L’effet de longueur au début, vient juste du fait que j’étais impatiente d’entendre parler de la prédiction, pensant qu’elle allait arriver plus tôt et être un des sujets principaux du livre. Bon, ça n’a pas été le cas, mais ça n’était pas pour ça que toute la première moitié du livre où l’on voit les « aventures » de Lucius lorsqu’il va à Ostie, les rencontres qu’il fait, etc. n’était pas agréable à suivre, bien au contraire et l’on va voir par la suite l’importance de ce voyage, sans cela, l’histoire aurait été toute différente pour Lucius…

L’histoire était donc bien, mais cela est surtout dû à la profusion des personnages et à commencer par Lucius. On a L’impression de le connaître depuis longtemps et le voir évoluer tout au long de l’histoire est un vrai plaisir. C’est une belle évolution, on pourrait même dire qu’il était en avance sur son temps ce petit Lucius, notamment par rapport à la condition humaine, mais je vous laisse découvrir tout ça. J’ai beaucoup aimé ce personnage, il est courageux, il a une grande force d’esprit, un grand amour pour ce frère qui est simple d’esprit. Grâce à ses rencontres, Lucius va prendre un peu plus d’importance alors qu’il n’est qu’un simple collecteur d’urines, rien de bien réjouissant et pourtant il fait sa tâche sans rechigner mais ses actions parlent d’elle-même.

Beryllus est évidemment l’autre personnage phare de cette histoire, ce frère simple d’esprit qu’on ne peut qu’aimer et qui peut nous surprendre, j’avoue que sur la fin, je ne m’attendais pas à ça, même si quelque part ça reste logique (ça reste un livre jeunesse). Il a des réparties qui font rire, il est touchant du fait de son « handicap » mais il est loin d’être stupide comme va nous le montrer cette histoire.

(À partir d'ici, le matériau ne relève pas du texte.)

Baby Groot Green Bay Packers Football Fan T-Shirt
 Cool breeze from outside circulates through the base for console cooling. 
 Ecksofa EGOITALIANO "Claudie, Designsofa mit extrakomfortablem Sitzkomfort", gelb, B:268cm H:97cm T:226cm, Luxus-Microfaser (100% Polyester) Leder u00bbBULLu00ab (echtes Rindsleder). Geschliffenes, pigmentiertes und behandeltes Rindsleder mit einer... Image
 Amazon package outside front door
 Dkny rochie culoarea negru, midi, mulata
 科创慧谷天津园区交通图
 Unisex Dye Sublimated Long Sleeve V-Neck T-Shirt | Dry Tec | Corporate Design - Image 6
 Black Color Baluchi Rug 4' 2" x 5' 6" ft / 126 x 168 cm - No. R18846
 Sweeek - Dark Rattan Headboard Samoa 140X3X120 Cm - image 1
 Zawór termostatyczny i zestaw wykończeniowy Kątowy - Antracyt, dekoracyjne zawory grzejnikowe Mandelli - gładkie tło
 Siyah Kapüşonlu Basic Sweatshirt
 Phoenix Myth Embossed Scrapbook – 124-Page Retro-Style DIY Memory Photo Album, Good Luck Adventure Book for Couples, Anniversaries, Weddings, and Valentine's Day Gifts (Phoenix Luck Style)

Quant aux personnages secondaires, il y en a un certain nombre et chacun a sa personnalité, ils ne sont pas écrasé par les deux frères qui sont au centre de l’histoire. Je pense notamment à Stephanus, L’Africain ou encore Héraclès… Mais il y en a d’autres et on a l’impression de les connaître depuis longtemps, c’est un vrai plaisir de les côtoyer. L’auteur a su créer des personnages mémorables et crédibles, et avec de la consistance, ce ne sont pas que des noms cités, mais réellement des personnages qui semblent vivants (et pour le coup, certains ont réellement existé).

L’aspect que j’ai beaucoup aimé également ce sont les petites notes à la fin du livre qui expliquent ce qui est vrai de ce qui ne l’est pas, donc de l’invention de l’auteur pour le bien de son histoire. Et franchement c’était très sympathique de remettre les choses dans leur contexte, avec « preuves » à l’appui comme elle cite les musées où sont conservés les objets recueillis lors de fouilles, à moins que ça ne soit encore visible sur le site même de Pompéi. De plus on a droit à une petite carte de la ville, donc ça ajoute un petit plus, nous permettant de mieux nous repérer dans l’espace.

En bref, c’était tout de même une bonne lecture pour moi, même si ça n’était pas ce à quoi je m’attendais. C’est une belle histoire où j’ai passé un bon moment en compagnie de Lucius et Beryllus qui pour le coup nous a offert « une plongée inoubliable au cœur de la cité romaine » comme annoncé sur la 4e de couverture du livre.